Case ID: ad3d_127/html/1540-01.html
Source: Caselaw Access Project
Author: {"author": "McCarthy, J.P.", "license": "Public Domain", "url": "https://static.case.law/"}
Date Created: 2024-08-24T03:29:51.129683

In the Matter of the Claim of Daryl Holley, Respondent, v Syracuse Utilities, Respondent, and PMA Management Corporation, on Behalf of Legion Insurance Company in Liquidation, Appellant, and Special Fund for Reopned Cases, Respondent. Workers’ Compensation Board, Respondent.
    [8 NYS3d 694]-
   McCarthy, J.P.

Appeal from a decision of the Workers’ Compensation Board, filed December 13, 2013, which ruled that liability for the claim did not shift to the Special Fund for Reopened Cases pursuant to Workers’ Compensation Law § 25-a.

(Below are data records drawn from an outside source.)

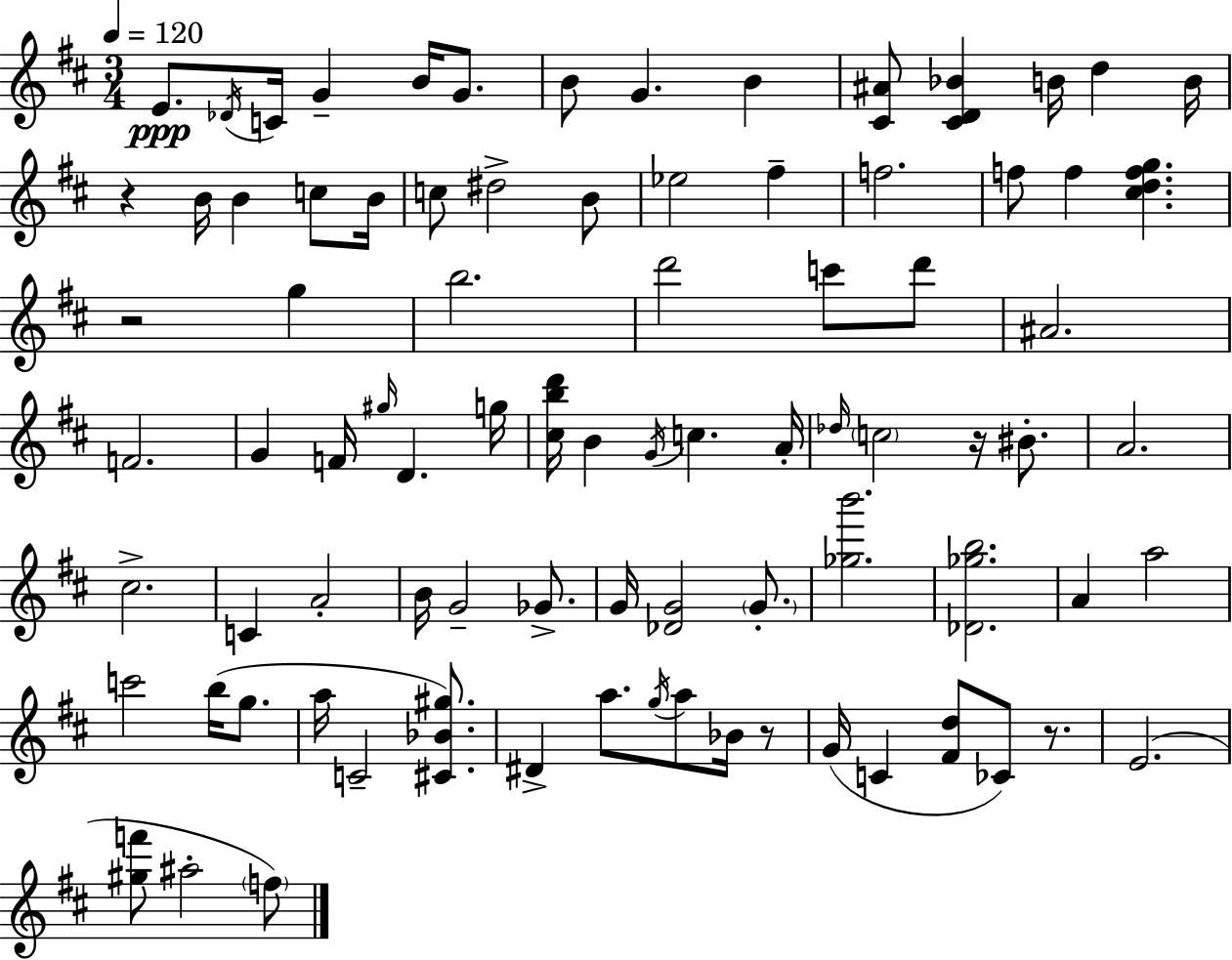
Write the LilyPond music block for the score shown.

{
  \clef treble
  \numericTimeSignature
  \time 3/4
  \key d \major
  \tempo 4 = 120
  e'8.\ppp \acciaccatura { des'16 } c'16 g'4-- b'16 g'8. | b'8 g'4. b'4 | <cis' ais'>8 <cis' d' bes'>4 b'16 d''4 | b'16 r4 b'16 b'4 c''8 | \break b'16 c''8 dis''2-> b'8 | ees''2 fis''4-- | f''2. | f''8 f''4 <cis'' d'' f'' g''>4. | \break r2 g''4 | b''2. | d'''2 c'''8 d'''8 | ais'2. | \break f'2. | g'4 f'16 \grace { gis''16 } d'4. | g''16 <cis'' b'' d'''>16 b'4 \acciaccatura { g'16 } c''4. | a'16-. \grace { des''16 } \parenthesize c''2 | \break r16 bis'8.-. a'2. | cis''2.-> | c'4 a'2-. | b'16 g'2-- | \break ges'8.-> g'16 <des' g'>2 | \parenthesize g'8.-. <ges'' b'''>2. | <des' ges'' b''>2. | a'4 a''2 | \break c'''2 | b''16( g''8. a''16 c'2-- | <cis' bes' gis''>8.) dis'4-> a''8. \acciaccatura { g''16 } | a''8 bes'16 r8 g'16( c'4 <fis' d''>8 | \break ces'8) r8. e'2.( | <gis'' f'''>8 ais''2-. | \parenthesize f''8) \bar "|."
}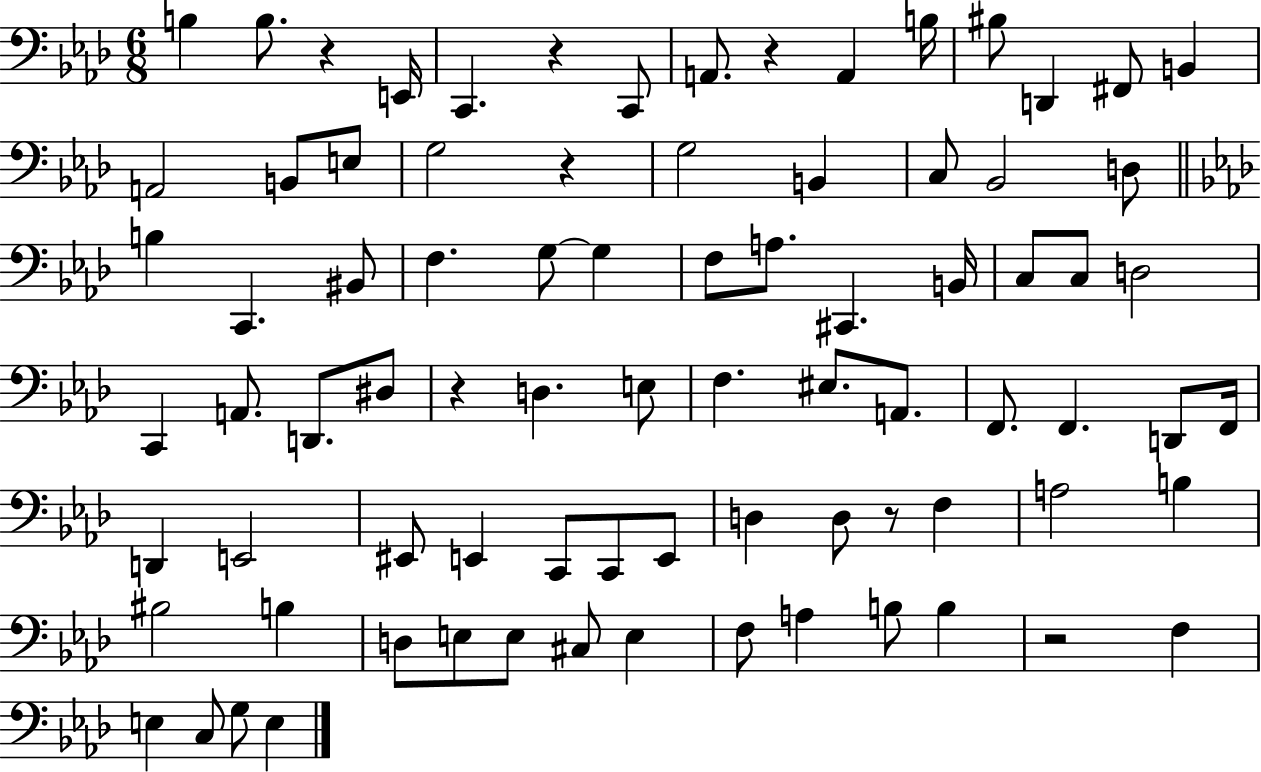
{
  \clef bass
  \numericTimeSignature
  \time 6/8
  \key aes \major
  b4 b8. r4 e,16 | c,4. r4 c,8 | a,8. r4 a,4 b16 | bis8 d,4 fis,8 b,4 | \break a,2 b,8 e8 | g2 r4 | g2 b,4 | c8 bes,2 d8 | \break \bar "||" \break \key f \minor b4 c,4. bis,8 | f4. g8~~ g4 | f8 a8. cis,4. b,16 | c8 c8 d2 | \break c,4 a,8. d,8. dis8 | r4 d4. e8 | f4. eis8. a,8. | f,8. f,4. d,8 f,16 | \break d,4 e,2 | eis,8 e,4 c,8 c,8 e,8 | d4 d8 r8 f4 | a2 b4 | \break bis2 b4 | d8 e8 e8 cis8 e4 | f8 a4 b8 b4 | r2 f4 | \break e4 c8 g8 e4 | \bar "|."
}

Claimant injured his left knee while working in June 2001, and he successfully applied for workers’ compensation benefits. In 2003, he was found to have a 25% schedule loss of use of his left leg. No further benefits were awarded until June 2012, when a Workers’ Compensation Law Judge awarded benefits for work that claimant had missed from August 2008 to October 2008 and directed that they be credited against the prior schedule loss of use award. In October 2012, the workers’ compensation carrier for the employer requested that liability for the claim be transferred to the Special Fund for Reopened Cases (see Workers’ Compensation Law § 25-a). The Workers’ Compensation Board ultimately denied that request as premature, and the carrier appeals.

We affirm. “Pursuant to Workers’ Compensation Law § 25-a, the transfer of liability for a claim is appropriate when an application to reopen a closed case is made more than seven years from the date of injury and more than three years after the last payment of compensation” (Matter of Thurston v Consolidated Edison Co. of N.Y., Inc., 115 AD3d 1143, 1144 [2014] [internal quotation marks and citations omitted]; see Matter of Khomitch v Crotched Mtn. Community, 120 AD3d 1459, 1461 [2014]). The only dispute here is when the last payment of compensation was made and, in that regard, “a carrier may be deemed to have made a payment of compensation ‘by claiming a credit on a previous overpayment’ ” (Matter of Negron v Sky View Haven Nursing Home, Inc., 50 AD3d 1344, 1345 [2008], quoting Matter of Reed v Danz Constr. Co., 9 AD2d 1004, 1005 [1959]). Moreover, “by claiming credit for an overpayment, the carrier was relieved of making a payment as of the date that it would have been required to make such payment” (Matter of Negron v Sky View Haven Nursing Home, Inc., 50 AD3d at 1345 [emphasis omitted]). The carrier here would have been required to make payment to claimant in June 2012, when the Workers’ Compensation Law Judge implicitly rescinded the earlier schedule loss of use award and credited the award of benefits for August 2008 to October 2008 against the prior payment (see Workers’ Compensation Law § 25 [3] [f|; Matter of Negron v Sky View Haven Nursing Home, Inc., 50 AD3d at 1345-1346; Matter of Reed v Danz Constr. Co., 9 AD2d at 1005). Inasmuch as the carrier sought to shift liability to the Special Fund less than a year later, the Board properly found that the time periods of Workers’ Compensation Law § 25-a had not been met.

Egan Jr., Devine and Clark, JJ., concur.

Ordered that the decision is affirmed, without costs.